Même si évidemment, personnellement, je trouve ça flippant. Ok, je conçois tes arguments sur le mariage, pourquoi pas si c’est l’occasion de faire la fête et de crier son bonheur au monde entier. Mais à l’heure actuelle, on s’en fout, non ? La perspective de me retrouver un jour devant le maire me paraît aussi éloignée aujourd’hui que, disons, la chute globale des écosystèmes planétaires (en 2040, paraît-il). Je n’ai pas la tête pleine de robes blanches, de présentations aux parents, de bébés comme dans les pubs Pampers et de recherche d’appartement avec deux chambres en proche banlieue. Tout ceci a l’air de beaucoup te travailler, au fond, malgré l’épais vernis de sarcasme dont tu le recouvres. Si tu penses qu’il est temps que tu « te poses », que tu « t’engages », que tu « trouves la bonne » et « arrêtes de déconner », fais-toi plaisir. Mais sans moi.
Je me doute bien cependant que tu n’as pas passé ton mois d’août à attendre désespérément une réponse de ma part, les yeux rivés sur ton smartphone, tous les sens numériques en alerte, le cœur lourd à chaque soirée sans nouvel email non lu. J’imagine que tu es allé quelque part sur la côte basque, d’abord, une petite semaine entre amis dans une grande maison trouvée sur Internet. Il y avait une piscine, voire un jacuzzi, vous vous êtes essayé au surf et vous avez bu du vin rosé sur les transats multicolores. Il y avait quelques filles sans doute, une célibataire peut-être, petit flirt au parfum du piment d’Espelette. Puis une semaine chez les parents, dans cette fameuse province exotique, Bretagne sauvage et mystérieuse, les galettes de ta grand-mère et les amis d’enfance mariés. Enfin, une dernière semaine entre potes, quelques jours dans un pays d’Europe histoire de s’aérer l’identité nationale, je dirai la Croatie si tu aimes le tourisme de masse, sinon la Russie pour faire plus original.

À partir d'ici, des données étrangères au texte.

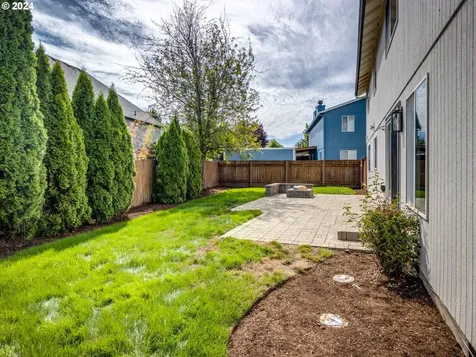 262 Ne Lenox Street Hillsboro OR 97124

Et ensuite retour à Paris, avec tes souvenirs de cocktails trois fois moins chers qu’ici, de grandes filles blondes habillées courts qui te souriaient de toutes leurs dents blanches, de plage figée sous le soleil de plomb et de sable au fond des chaussures en toile. J’espère que ça t’a fait du bien, cette pause institutionnelle. On peut essayer de repartir sur de nouvelles bases si ça te dit, je ne sais pas si ça en vaut la peine vu l’eau qui a coulé sous notre pont. J’ai quitté le site, au cas où tu ne l’as pas remarqué, parce que je n’ai pas l’esprit assez disponible pour les rencontres en ligne. Boire un verre avec toi m’en a fait prendre conscience. En tête en ce moment, j’ai un million de choses, mais l’amour et les rencontres n’en font pas partie. Le sexe oui, forcément, mais je ne te dis pas ça pour que tu t’emballes. Je dis ça pour respecter le pacte implicite d’honnêteté de ces échanges. Le sexe peut-être, donc, mais pas tout de suite. Saint-Michel à nouveau, vendredi prochain ?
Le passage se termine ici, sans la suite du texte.